Quand la hausse des taux obligataires déboussole Wall Street

  • Les rendements sur les bons du Trésor américains à 10 ans, qui influencent notamment les crédits aux entreprises, ont atteint vendredi un plus haut depuis un an à 1,60%
  • «La théorie de base, c'est que quand les taux montent, les marchés baissent», résume Gregori Volokhine, gérant de fonds chez Meeschaert Financial Services

WASHINGTON: Signe d'optimisme de l'économie ou indice annonciateur d'une inflation galopante : la tension sur les taux obligataires à 10 ans, provoquée par les bonnes nouvelles économiques comme les fortes créations d'emplois aux Etats-Unis, a agité les marchés financiers et défie la position de la Banque centrale américaine (Fed).

Les taux obligataires, quésaco ?

Les rendements obligataires, qui désignent les taux d'intérêt que rapportent les obligations ou les emprunts d'Etat, évoluent en sens inverse du prix de ces titres.

Quand les obligations sont recherchées, leur prix monte mais leur rendement baisse.

En revanche, quand les investisseurs, tels les compagnies d'assurances ou les fonds de pension, vendent leurs bons, leur prix baisse mais leur rendement monte.

La récente et abrupte montée de ces taux obligataires intervient alors que les investisseurs cherchent à se protéger d'une accélération de l'économie et de son corollaire potentiel, l'inflation. Car si la hausse des prix s'enclenche, elle va rogner la valeur de ces obligations.

Une montée des taux obligataires - qui ont chuté au cours de la crise sanitaire - peut être interprétée à la fois comme une bonne et une mauvaise nouvelle par les marchés financiers. La bonne, c'est que l'activité économique reprend ; la mauvaise, c'est que l'inflation peut renaître, amoindrissant le pouvoir d'achat et ralentissant la consommation, moteur de l'économie.

Les rendements sur les bons du Trésor américains à 10 ans, qui influencent notamment les crédits aux entreprises, ont atteint vendredi un plus haut depuis un an à 1,60% quand ils étaient à 0,52% en août. L'inflation américaine n'est pour l'instant qu'à 1,5% annuel, selon l'indice PCE, loin des 2% et plus que vise la Banque centrale américaine.

Montagnes russes à Wall Street ?

« La théorie de base, c'est que quand les taux montent, les marchés baissent », résume Gregori Volokhine, gérant de fonds chez Meeschaert Financial Services.

Avec les campagnes de vaccination qui battent leur plein aux Etats-Unis et l'immense plan de relance - le troisième - qui va injecter des chèques de plusieurs milliers de dollars dans le budget des familles, économistes et milieux d'affaires s'attendent à une forte accélération de la croissance au 2e semestre.

Cela réjouit parfois le marché des actions, puisque les entreprises, notamment celles qui ont souffert du ralentissement d'activité dû à la Covid, vont renouer avec les profits.

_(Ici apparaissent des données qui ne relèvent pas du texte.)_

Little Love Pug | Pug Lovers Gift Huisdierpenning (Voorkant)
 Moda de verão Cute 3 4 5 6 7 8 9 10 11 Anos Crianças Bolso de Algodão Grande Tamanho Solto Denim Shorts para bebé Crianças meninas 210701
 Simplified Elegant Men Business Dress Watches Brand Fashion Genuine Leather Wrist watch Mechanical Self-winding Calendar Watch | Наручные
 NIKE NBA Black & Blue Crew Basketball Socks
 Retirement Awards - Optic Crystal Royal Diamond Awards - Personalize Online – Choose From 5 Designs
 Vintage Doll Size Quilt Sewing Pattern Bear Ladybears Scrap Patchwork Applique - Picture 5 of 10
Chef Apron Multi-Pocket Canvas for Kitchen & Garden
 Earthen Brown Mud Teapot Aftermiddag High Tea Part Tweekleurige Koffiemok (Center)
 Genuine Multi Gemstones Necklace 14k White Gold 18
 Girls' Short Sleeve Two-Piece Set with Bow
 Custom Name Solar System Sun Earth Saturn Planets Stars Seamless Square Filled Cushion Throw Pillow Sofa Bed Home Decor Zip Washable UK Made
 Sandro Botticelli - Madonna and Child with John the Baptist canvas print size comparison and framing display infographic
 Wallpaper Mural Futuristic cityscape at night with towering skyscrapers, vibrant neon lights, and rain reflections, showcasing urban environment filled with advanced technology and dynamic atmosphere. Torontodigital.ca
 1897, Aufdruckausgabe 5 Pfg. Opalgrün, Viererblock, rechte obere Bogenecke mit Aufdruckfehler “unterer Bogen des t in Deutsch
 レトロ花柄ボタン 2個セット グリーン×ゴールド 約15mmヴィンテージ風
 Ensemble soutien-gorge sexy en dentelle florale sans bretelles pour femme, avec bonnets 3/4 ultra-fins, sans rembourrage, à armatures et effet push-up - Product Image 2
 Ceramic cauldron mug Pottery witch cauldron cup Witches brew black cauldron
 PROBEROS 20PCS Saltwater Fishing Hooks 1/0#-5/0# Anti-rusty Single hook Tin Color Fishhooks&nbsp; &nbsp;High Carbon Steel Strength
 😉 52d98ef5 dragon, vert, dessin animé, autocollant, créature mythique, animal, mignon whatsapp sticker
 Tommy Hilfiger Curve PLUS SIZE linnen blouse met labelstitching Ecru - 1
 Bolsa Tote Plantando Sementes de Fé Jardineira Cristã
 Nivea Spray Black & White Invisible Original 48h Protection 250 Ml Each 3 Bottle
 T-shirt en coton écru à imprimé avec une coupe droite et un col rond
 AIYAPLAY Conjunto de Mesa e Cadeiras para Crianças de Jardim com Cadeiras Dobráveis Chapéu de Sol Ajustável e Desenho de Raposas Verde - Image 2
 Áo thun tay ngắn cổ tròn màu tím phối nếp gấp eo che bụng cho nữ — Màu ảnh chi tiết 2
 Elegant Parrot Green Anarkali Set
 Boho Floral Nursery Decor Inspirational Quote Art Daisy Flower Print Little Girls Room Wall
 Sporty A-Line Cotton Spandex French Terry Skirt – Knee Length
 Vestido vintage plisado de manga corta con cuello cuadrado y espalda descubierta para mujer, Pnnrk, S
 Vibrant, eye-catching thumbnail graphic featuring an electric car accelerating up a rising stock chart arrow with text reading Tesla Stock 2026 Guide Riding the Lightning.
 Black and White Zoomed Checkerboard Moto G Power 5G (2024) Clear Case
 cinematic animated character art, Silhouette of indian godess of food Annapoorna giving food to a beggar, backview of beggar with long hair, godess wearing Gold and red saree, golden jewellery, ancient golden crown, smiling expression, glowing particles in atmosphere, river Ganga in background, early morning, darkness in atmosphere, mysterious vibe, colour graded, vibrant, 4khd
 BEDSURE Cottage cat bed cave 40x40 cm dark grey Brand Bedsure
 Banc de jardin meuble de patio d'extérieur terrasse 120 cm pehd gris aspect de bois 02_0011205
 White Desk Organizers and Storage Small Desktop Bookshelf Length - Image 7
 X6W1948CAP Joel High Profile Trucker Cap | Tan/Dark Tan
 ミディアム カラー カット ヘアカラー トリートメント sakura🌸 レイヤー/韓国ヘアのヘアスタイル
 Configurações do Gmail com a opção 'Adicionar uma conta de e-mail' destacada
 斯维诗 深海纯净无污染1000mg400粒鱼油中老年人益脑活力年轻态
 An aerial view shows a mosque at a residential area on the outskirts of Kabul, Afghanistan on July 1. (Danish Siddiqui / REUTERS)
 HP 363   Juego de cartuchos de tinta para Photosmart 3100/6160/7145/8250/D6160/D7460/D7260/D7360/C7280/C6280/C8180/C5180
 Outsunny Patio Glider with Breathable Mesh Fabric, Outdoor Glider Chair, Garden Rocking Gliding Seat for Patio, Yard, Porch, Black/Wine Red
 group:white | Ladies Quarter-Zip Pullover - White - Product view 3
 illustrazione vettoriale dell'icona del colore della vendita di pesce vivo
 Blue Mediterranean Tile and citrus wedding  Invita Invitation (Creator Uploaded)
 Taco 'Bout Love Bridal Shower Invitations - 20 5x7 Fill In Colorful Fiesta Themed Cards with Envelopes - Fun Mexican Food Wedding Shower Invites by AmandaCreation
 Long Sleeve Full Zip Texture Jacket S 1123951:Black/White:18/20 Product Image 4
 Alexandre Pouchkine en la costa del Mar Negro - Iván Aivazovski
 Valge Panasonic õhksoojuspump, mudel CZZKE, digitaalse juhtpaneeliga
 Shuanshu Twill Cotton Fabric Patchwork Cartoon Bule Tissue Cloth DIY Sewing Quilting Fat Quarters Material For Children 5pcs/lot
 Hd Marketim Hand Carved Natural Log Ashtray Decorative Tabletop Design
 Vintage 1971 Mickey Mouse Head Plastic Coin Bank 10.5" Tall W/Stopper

Mais dans le même temps, cette embellie fait renaître le spectre de l'inflation et entraîne cette montée des taux obligataires. Ceux-ci non seulement renchérissent les emprunts des sociétés qui investissent, mais aussi dévalorisent leurs projections de trésorerie sur la durée. Pour Wall Street, qui fonctionne toujours sur l'anticipation, « l'argent que les entreprises vont gagner à l'avenir a moins de valeur parce que les taux remontent », souligne Volokhine.

C'est pour cela qu'à Wall Street, on a vu flancher les actions des entreprises dites de « croissance », notamment les groupes technologiques qui ont profité de la crise sanitaire et qui ont besoin d'investir pour embrasser la transformation technologique de l'économie.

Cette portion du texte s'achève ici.